Le château était fait d'une pierre gris clair avec une légère teinte bleue. Les toits étaient tous recouverts de tuiles bleu océan, et l'eau y était omniprésente. Il y avait de petits étangs et des fontaines aussi loin que Sylvester pouvait voir.
De nombreuses personnes travaillaient également à l'entretien de tout cet espace. Des gens coupaient l'herbe et nettoyaient les nombreuses fontaines et étangs. Il remarqua même ce qui ressemblait à un match d'entraînement entre des enfants, probablement ceux du Roi Riveria, car ce dernier en avait beaucoup, et son harem était également quelque chose dont il pouvait se vanter.
Lady Aurora soupira. « Chaque fois que je vois cet endroit, je me demande pourquoi ces hommes veulent se battre. Ils ont tout ce dont un roturier ne peut même pas rêver. »
Sylvester ne s'en formalisa pas, ayant vu maintes fois comment la cupidité consume les hommes au pouvoir et entraîne des guerres insensées sur le peuple.
« Allons-en et terminons ce travail. »
Ils suivirent le serviteur qui les mena vers la rivière, sur le côté ouest du château. Il y avait de vastes prairies surplombant le cours d'eau, et apparemment, le Roi était censé s'y trouver.
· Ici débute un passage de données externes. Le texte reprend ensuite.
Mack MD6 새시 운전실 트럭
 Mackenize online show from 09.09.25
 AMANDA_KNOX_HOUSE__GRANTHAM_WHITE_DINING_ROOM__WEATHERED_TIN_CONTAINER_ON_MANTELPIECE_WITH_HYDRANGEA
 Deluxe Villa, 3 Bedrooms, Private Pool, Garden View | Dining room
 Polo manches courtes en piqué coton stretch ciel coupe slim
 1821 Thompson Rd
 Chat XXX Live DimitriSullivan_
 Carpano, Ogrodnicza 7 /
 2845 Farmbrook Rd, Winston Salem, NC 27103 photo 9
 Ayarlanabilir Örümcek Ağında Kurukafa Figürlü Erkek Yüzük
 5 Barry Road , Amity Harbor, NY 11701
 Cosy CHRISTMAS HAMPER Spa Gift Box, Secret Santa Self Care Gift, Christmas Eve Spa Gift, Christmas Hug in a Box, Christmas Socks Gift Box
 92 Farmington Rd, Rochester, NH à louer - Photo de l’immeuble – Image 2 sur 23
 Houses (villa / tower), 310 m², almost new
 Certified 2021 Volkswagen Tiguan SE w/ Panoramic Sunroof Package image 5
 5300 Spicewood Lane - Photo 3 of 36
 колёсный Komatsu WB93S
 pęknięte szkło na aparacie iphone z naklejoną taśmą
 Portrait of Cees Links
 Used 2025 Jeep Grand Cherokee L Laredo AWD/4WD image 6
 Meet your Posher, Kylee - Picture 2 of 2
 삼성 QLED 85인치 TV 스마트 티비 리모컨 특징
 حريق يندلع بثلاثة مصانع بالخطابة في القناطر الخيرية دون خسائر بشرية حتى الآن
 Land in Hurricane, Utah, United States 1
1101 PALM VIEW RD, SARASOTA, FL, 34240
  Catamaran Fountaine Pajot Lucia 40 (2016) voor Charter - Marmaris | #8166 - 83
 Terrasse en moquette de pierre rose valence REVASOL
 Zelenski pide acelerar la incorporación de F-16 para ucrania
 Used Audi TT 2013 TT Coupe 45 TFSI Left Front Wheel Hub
Ils n'avaient cependant aucune plainte à formuler, car ils pouvaient admirer la beauté du château. Ils suivirent silencieusement et arrivèrent bientôt devant des haies de trois mètres de haut. Il y avait une porte métallique ouverte entre elles.
Le serviteur s'arrêta et leur fit signe d'entrer. « Veuillez entrer. Sa majesté vous attend à l'intérieur. »
Sylvester hocha la tête et entra avec assurance. Il prit quelques longues inspirations apaisantes simultanément, espérant que tout ce qu'il s'apprêtait à faire se passerait bien.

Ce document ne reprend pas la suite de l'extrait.